_Task_.
Retype only the lines at the head of the records, first through the one with "油风脱发头顶露出皮肤图", exactly as written.

_Data records_.
:::

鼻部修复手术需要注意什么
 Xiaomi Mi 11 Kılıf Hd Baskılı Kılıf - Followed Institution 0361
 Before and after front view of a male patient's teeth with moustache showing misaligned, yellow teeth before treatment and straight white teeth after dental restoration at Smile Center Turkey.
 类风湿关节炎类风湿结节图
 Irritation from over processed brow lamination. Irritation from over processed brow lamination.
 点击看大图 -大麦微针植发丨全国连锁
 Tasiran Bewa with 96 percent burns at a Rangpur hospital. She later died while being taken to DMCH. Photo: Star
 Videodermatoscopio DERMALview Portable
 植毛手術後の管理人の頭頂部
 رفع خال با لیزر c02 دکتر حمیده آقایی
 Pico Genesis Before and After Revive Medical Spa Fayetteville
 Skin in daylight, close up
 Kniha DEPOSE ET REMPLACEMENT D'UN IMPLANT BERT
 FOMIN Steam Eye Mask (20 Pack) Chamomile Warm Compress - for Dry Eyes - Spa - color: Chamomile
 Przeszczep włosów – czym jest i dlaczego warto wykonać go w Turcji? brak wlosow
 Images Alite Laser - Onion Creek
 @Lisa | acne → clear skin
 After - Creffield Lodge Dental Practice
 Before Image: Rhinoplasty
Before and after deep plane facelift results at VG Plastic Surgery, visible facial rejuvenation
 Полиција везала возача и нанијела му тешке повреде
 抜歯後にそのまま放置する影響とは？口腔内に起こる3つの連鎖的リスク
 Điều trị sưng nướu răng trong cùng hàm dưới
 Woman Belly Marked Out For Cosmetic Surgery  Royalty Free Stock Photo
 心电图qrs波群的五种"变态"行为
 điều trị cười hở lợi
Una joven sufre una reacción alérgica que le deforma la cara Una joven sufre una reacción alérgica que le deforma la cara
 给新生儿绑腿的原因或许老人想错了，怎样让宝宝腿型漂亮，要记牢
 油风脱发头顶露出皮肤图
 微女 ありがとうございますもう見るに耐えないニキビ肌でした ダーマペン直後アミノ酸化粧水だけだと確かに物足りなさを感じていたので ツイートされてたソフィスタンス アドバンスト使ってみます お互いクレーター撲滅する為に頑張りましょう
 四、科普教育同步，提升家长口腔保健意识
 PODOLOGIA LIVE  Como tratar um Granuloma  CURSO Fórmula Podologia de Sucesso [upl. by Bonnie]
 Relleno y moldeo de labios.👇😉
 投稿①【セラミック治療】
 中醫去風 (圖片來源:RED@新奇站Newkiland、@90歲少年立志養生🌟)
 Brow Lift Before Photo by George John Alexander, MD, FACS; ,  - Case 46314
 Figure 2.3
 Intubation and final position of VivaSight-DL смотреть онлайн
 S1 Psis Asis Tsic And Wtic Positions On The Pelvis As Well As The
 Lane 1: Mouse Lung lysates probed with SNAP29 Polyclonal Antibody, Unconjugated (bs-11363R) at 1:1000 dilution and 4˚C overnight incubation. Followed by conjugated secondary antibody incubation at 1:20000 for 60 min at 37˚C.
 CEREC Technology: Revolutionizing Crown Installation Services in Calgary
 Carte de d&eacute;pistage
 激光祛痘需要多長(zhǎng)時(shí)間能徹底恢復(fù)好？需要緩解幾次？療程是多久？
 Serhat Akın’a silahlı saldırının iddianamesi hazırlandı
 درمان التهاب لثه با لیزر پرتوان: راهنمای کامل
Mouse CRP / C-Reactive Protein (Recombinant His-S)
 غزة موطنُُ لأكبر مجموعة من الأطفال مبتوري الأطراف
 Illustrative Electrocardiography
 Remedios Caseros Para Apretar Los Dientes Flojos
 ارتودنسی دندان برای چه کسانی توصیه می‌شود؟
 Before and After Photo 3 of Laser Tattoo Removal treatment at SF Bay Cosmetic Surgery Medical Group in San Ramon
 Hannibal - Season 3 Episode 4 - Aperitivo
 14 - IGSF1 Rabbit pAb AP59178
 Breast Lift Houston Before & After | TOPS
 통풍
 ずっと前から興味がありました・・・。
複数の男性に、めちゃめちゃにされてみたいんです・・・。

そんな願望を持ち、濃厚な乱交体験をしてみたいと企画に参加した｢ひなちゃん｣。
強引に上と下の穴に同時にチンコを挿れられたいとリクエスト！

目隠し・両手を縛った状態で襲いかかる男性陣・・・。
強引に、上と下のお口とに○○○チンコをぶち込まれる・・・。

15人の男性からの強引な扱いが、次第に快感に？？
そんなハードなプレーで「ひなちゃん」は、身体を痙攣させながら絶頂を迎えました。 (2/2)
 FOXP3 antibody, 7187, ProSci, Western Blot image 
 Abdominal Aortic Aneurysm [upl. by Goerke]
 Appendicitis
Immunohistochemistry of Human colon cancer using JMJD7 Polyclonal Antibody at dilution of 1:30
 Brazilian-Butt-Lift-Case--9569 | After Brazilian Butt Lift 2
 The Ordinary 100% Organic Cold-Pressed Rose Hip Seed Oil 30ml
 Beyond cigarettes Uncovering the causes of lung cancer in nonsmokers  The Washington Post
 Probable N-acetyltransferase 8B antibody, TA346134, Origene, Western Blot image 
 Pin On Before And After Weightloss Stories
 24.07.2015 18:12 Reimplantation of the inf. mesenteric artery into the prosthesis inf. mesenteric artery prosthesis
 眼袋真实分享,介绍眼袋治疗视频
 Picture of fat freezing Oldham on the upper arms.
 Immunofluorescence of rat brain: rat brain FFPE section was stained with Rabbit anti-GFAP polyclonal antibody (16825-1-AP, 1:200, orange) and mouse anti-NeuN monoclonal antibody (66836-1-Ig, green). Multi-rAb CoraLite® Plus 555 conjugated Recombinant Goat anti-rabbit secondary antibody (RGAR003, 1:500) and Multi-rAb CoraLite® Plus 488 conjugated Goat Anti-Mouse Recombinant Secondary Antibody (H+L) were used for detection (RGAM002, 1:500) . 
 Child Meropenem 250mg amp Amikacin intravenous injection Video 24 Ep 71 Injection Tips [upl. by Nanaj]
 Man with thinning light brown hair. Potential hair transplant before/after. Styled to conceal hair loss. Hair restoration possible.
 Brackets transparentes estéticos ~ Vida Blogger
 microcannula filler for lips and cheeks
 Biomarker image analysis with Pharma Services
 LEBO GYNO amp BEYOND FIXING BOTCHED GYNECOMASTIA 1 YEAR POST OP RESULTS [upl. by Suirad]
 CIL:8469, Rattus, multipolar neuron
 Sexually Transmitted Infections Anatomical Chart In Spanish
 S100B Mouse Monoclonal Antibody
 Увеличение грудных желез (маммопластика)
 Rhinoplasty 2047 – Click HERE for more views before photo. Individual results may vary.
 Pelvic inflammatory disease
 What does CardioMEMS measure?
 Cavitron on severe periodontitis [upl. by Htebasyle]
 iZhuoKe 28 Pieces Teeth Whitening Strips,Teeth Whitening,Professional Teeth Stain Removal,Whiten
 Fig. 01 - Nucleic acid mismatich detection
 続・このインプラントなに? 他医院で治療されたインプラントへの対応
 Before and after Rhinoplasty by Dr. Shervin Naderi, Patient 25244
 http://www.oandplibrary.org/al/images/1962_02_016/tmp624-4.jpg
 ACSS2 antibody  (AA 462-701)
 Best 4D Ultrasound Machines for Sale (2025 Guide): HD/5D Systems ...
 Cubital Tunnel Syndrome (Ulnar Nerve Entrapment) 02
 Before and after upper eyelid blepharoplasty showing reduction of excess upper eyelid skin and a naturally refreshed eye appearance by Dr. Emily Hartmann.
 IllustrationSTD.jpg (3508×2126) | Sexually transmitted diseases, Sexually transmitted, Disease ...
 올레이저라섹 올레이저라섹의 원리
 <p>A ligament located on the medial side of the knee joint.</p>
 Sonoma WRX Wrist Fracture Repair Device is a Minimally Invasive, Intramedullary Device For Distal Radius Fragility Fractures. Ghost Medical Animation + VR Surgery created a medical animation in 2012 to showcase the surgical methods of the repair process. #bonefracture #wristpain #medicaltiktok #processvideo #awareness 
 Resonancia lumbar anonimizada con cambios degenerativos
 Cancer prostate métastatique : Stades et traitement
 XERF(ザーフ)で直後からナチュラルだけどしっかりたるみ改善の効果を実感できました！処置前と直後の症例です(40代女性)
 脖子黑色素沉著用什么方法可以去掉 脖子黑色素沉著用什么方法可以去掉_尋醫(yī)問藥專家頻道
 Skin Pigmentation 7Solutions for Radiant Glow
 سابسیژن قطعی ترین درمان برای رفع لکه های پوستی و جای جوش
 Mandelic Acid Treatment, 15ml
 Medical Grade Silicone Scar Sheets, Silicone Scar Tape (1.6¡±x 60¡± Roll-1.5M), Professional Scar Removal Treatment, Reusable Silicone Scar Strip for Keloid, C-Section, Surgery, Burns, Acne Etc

:::

_Written solution_.
鼻部修复手术需要注意什么
 Xiaomi Mi 11 Kılıf Hd Baskılı Kılıf - Followed Institution 0361
 Before and after front view of a male patient's teeth with moustache showing misaligned, yellow teeth before treatment and straight white teeth after dental restoration at Smile Center Turkey.
 类风湿关节炎类风湿结节图
 Irritation from over processed brow lamination. Irritation from over processed brow lamination.
 点击看大图 -大麦微针植发丨全国连锁
 Tasiran Bewa with 96 percent burns at a Rangpur hospital. She later died while being taken to DMCH. Photo: Star
 Videodermatoscopio DERMALview Portable
 植毛手術後の管理人の頭頂部
 رفع خال با لیزر c02 دکتر حمیده آقایی
 Pico Genesis Before and After Revive Medical Spa Fayetteville
 Skin in daylight, close up
 Kniha DEPOSE ET REMPLACEMENT D'UN IMPLANT BERT
 FOMIN Steam Eye Mask (20 Pack) Chamomile Warm Compress - for Dry Eyes - Spa - color: Chamomile
 Przeszczep włosów – czym jest i dlaczego warto wykonać go w Turcji? brak wlosow
 Images Alite Laser - Onion Creek
 @Lisa | acne → clear skin
 After - Creffield Lodge Dental Practice
 Before Image: Rhinoplasty
Before and after deep plane facelift results at VG Plastic Surgery, visible facial rejuvenation
 Полиција везала возача и нанијела му тешке повреде
 抜歯後にそのまま放置する影響とは？口腔内に起こる3つの連鎖的リスク
 Điều trị sưng nướu răng trong cùng hàm dưới
 Woman Belly Marked Out For Cosmetic Surgery  Royalty Free Stock Photo
 心电图qrs波群的五种"变态"行为
 điều trị cười hở lợi
Una joven sufre una reacción alérgica que le deforma la cara Una joven sufre una reacción alérgica que le deforma la cara
 给新生儿绑腿的原因或许老人想错了，怎样让宝宝腿型漂亮，要记牢
 油风脱发头顶露出皮肤图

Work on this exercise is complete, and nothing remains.